O Movimento de 1923 mobilizou todo estado, sendo intenso no norte, especialmente, na região da Grande Palmeira, onde os sinais de rebelião já se faziam presentes no ano de 1922 e se manteve forte até o final, colocando em confronto a força dos coronéis borgistas e o líder maragato Leonel Rocha que comandou tropas não convencionais de caboclos despossuídos de suas terras e descontentes com a política de imigração adotada pelo governo. Nesta região o conflito atingiu características diferenciadas do resto do estado. De modo geral a historiografia rio-grandense destaca que as lutas travadas no estado ocorrem entre frações da classe dominante - luta intraclasse, entre os coronéis da Campanha e os coronéis do Planalto. Na Região da Grande Palmeira o grupo de oposição, identificado como poder do mato, era social e economicamente distinto, dos estancieiros da Campanha, dos quais eram aliados nas lutas de 1893 e 1923.
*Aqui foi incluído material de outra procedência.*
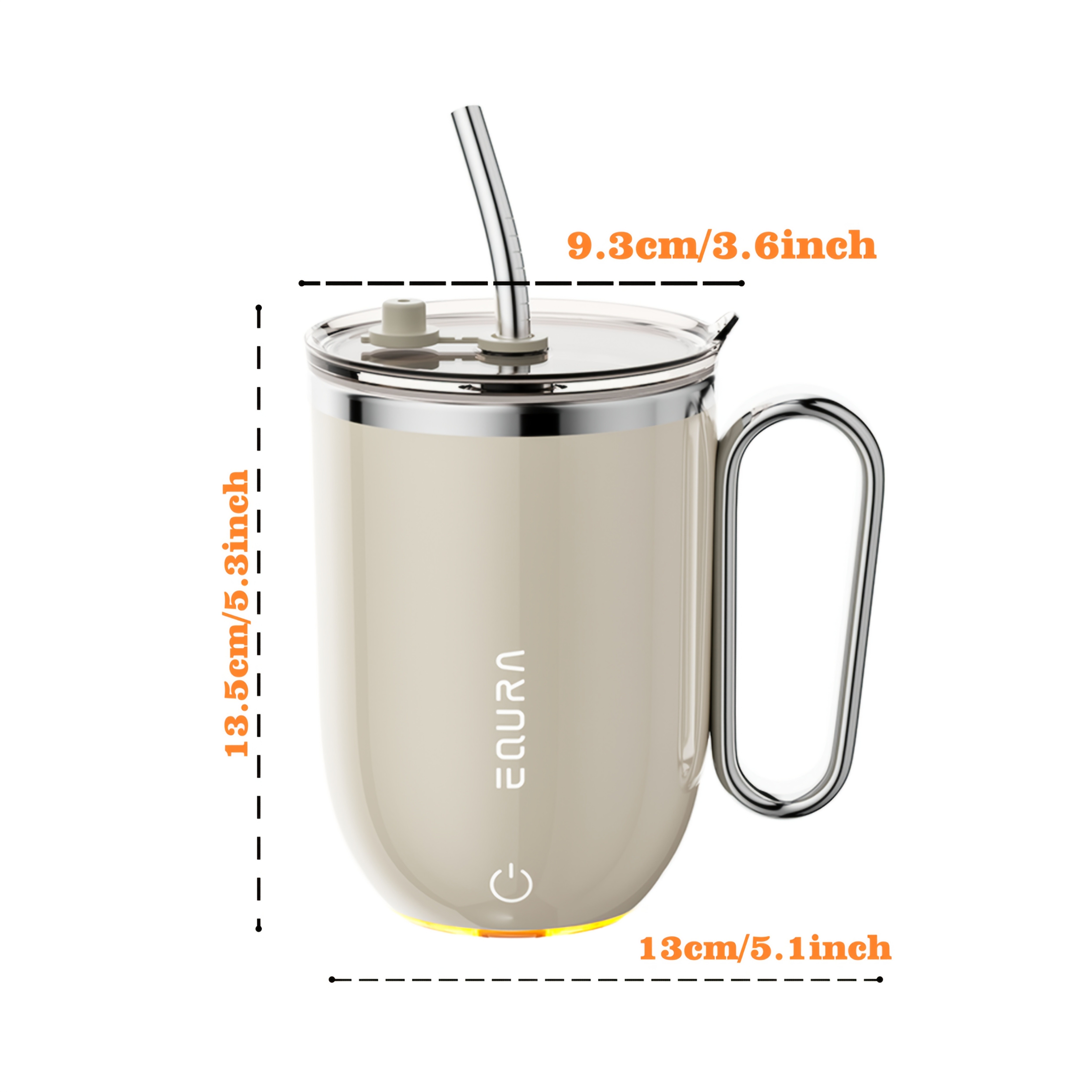 eQUra 420ml Rechargeable Magnetic Self-Stirring Travel Mug  Automatic Mixing Cup for Coffee, Milk, Chocolate & On-The-Go Drinks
Na pesquisa que realizei e publicada no livro Caboclos, ervateiros e coronéis: luta e resistência no norte do Rio Grande do Sul emerge a figura de Leonel Rocha como líder maragato que comandava o poder do mato em confronto com o poder do campo. Essas designações se originam da caracterização dos grupos de acordo com a ocupação do espaço, que deu origem a grupos diferenciados: a área de campo ocupada pelos tropeiros paulistas, deu lugar às estâncias e domínio dos coronéis, que aliados do governo estadual, constituem o grupo que detêm o poder. Nas áreas de mata, ocupadas inicialmente pelos indígenas e depois pelos extrativistas de erva-mate, constituem uma população cabocla, que sobrevive do extrativismo e da pequena agricultura. Quando as áreas de mata começam a ser privatizadas, pela colonização oficial ou particular ou pelo apossamento dos grandes latifundiários, levantam-se em armas, constituindo o poder do mato. Importante lembrar que a política de imigração concedeu terras e subsídios a imigrantes europeus e esqueceu a população cabocla.
A liderança de Leonel Rocha, identificado como um caudilho a pé, se torna inequívoca e comanda o confronto com táticas de guerrilhas atacando pontos estratégicos, em constante ligação com os líderes do movimento em outras regiões do estado como Felipe Portinho, Mena Barreto e seguindo a liderança de Assis Brasil.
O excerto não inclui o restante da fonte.